Restate word for word the opening line of the data below and every line after it until the line with "Wolfgang Werner steht in seinem Garten.", that line too, but not the pictures.

GIVEN DATA
▼

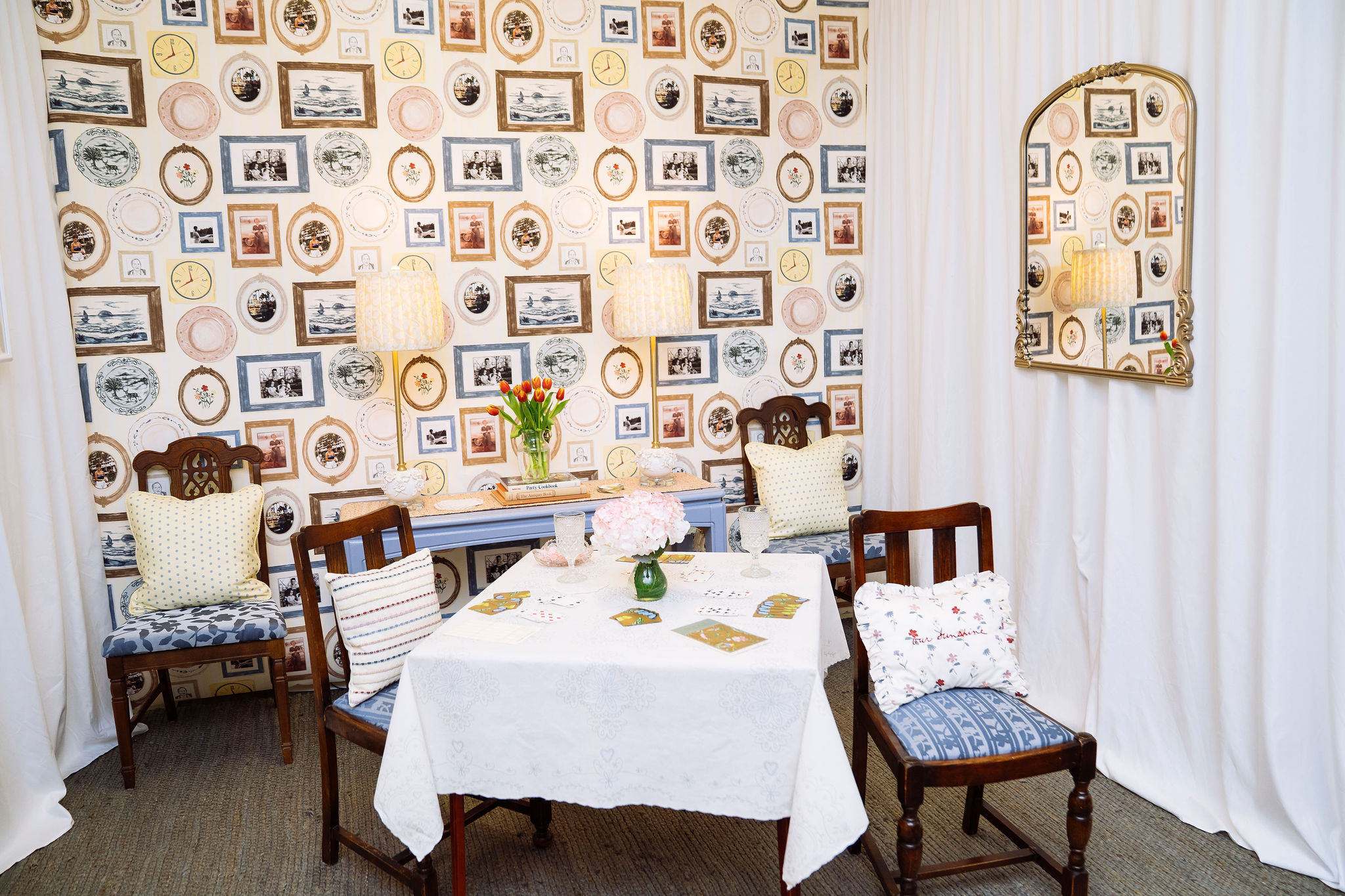 A booth is styled like a dining room with a small table set surrounded by wooden chairs with striped and floral cushions. The wallpaper includes patterned plates and framed photos. A vase of flowers sits on the table, and a mirror hangs on the right wall.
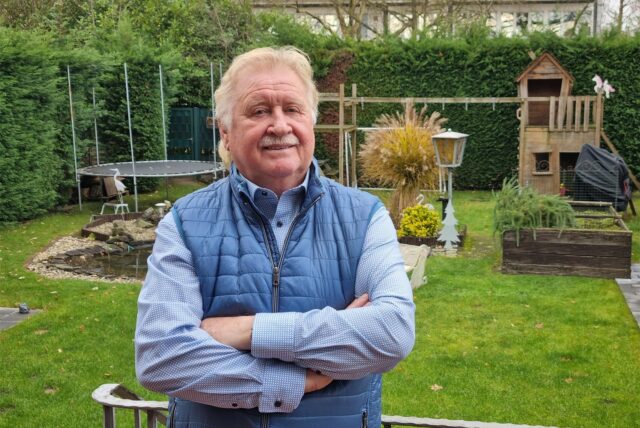 Wolfgang Werner steht in seinem Garten.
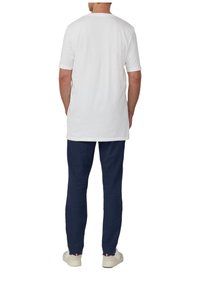 Weißes Baumwoll-T-Shirt mit kurzen Ärmeln und Rundhalsausschnitt, getragen mit marineblauen Hosen und weißen Schuhen, von hinten betrachtet.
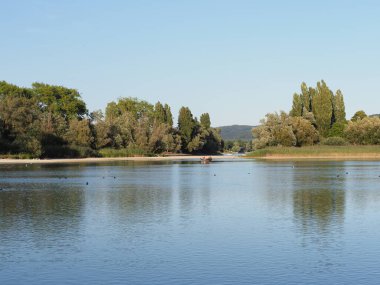 Beauty Rhine River landscape reflected in water seen from european STEIN am RHEIN town at canton of Schaffhausen in SWITZERLAND, clear blue sky in 2018 warm sunny summer day on August.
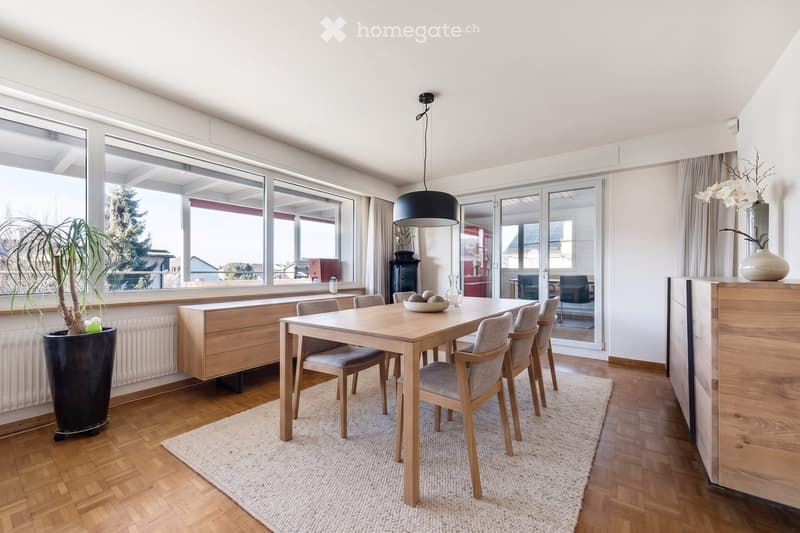 Bright dining area with a wooden dining table, six chairs, pendant light, and large windows overlooking a garden. Includes a tall plant in a pot and a decorative vase on a sideboard.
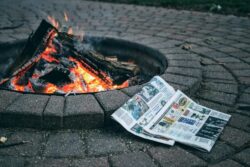 a fire pit with money and a fire in it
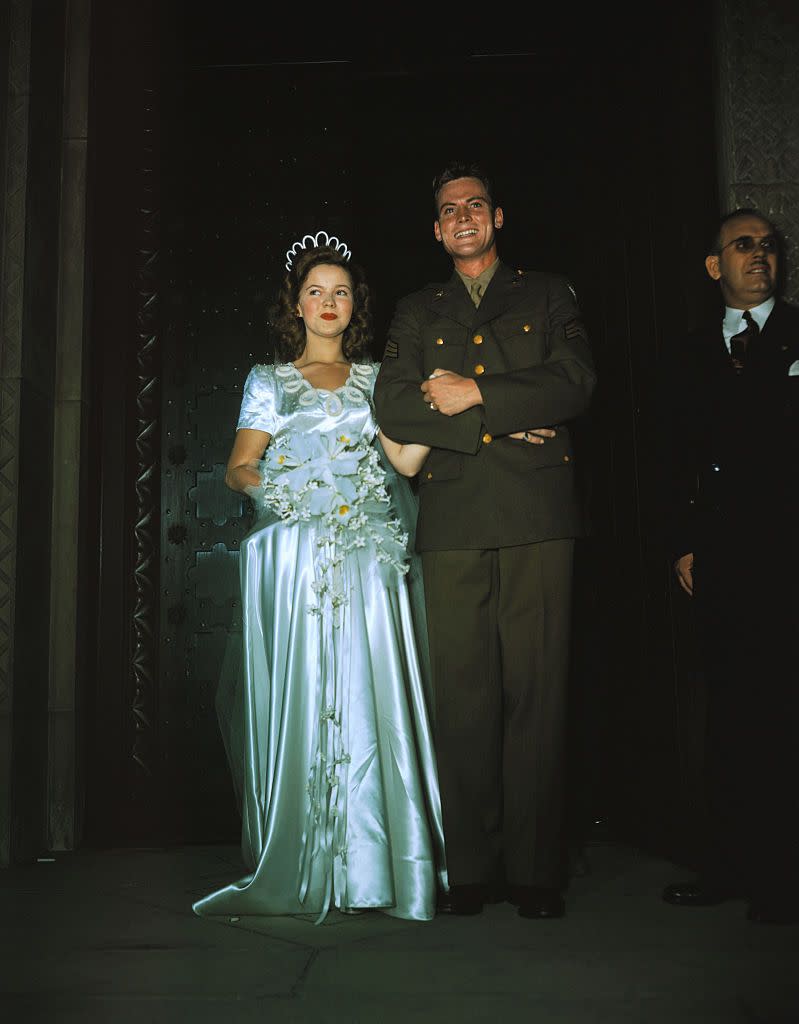 <p>When former child star Shirley Temple married Army Corps sergeant, John Agar, in 1945, it was an event that all of America wanted to witness. Her dress, a full-length stain gown with short sleeves, was on par with the fashion of the time, but the unusual beaded neckline and matching headpiece were far from typical. </p>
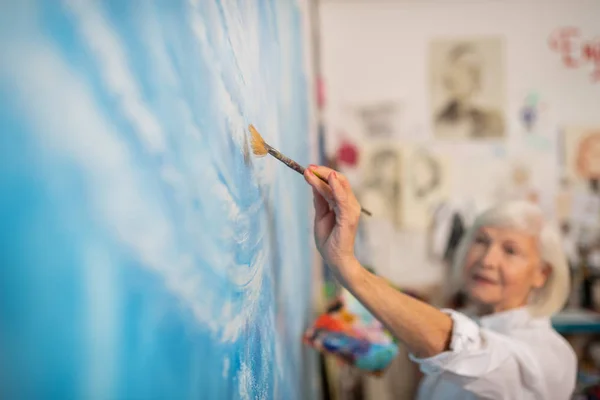 Aged artist holding painting brush and coloring canvas — Stock Photo, Image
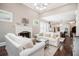 Elegant living room with a fireplace, hardwood floors, and an open concept layout at 612 Concord Lake Se Cir, Smyrna, GA 30082
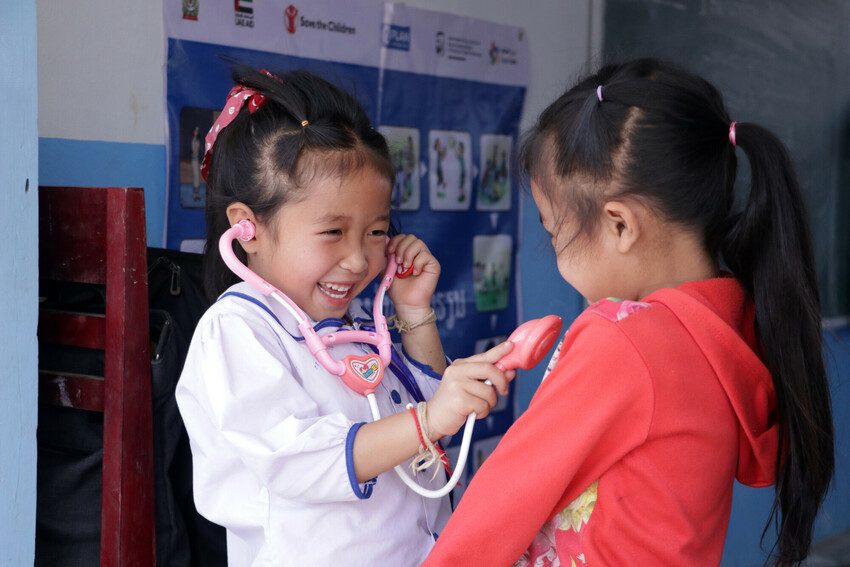 Five-year-old Anna is busy plays at being a doctor for her friend in Laos' Oudomxay Province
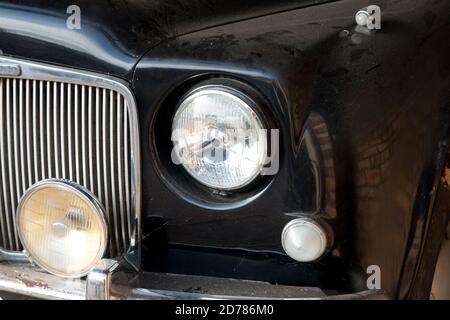 bianco e nero, immagine ravvicinata di fari per auto d'epoca classici di lusso neri, luce spot e griglia parcheggiati. Veicolo vecchio non in uso con polvere su bo Foto Stock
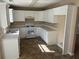 The kitchen features white cabinets, tile backsplash, and modern appliances at 3334 Rockmill Dr, Ellenwood, GA 30294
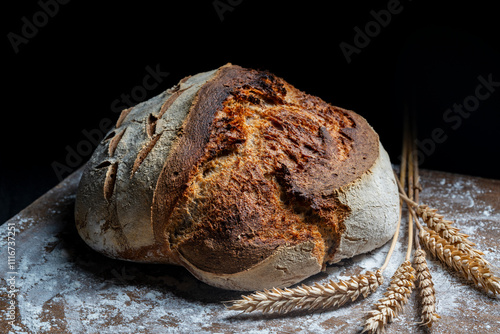 Round loaf of freshly baked sourdough bread with ears of wheat on wooden cutting board, closeup. Rustic sourdough bread. Cooking healthy sourdough bread at home photo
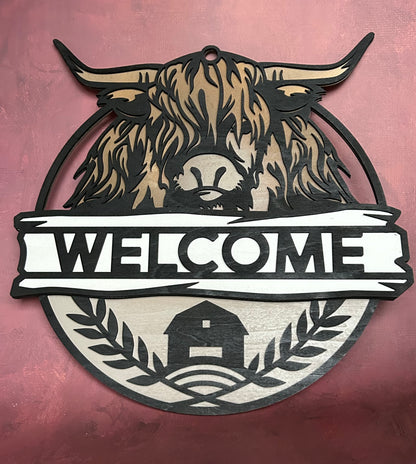 Hyland Cow Welcome sign with maroon background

▲

RESPONSE
 A booth is styled like a dining room with a small table set surrounded by wooden chairs with striped and floral cushions. The wallpaper includes patterned plates and framed photos. A vase of flowers sits on the table, and a mirror hangs on the right wall.
 Wolfgang Werner steht in seinem Garten.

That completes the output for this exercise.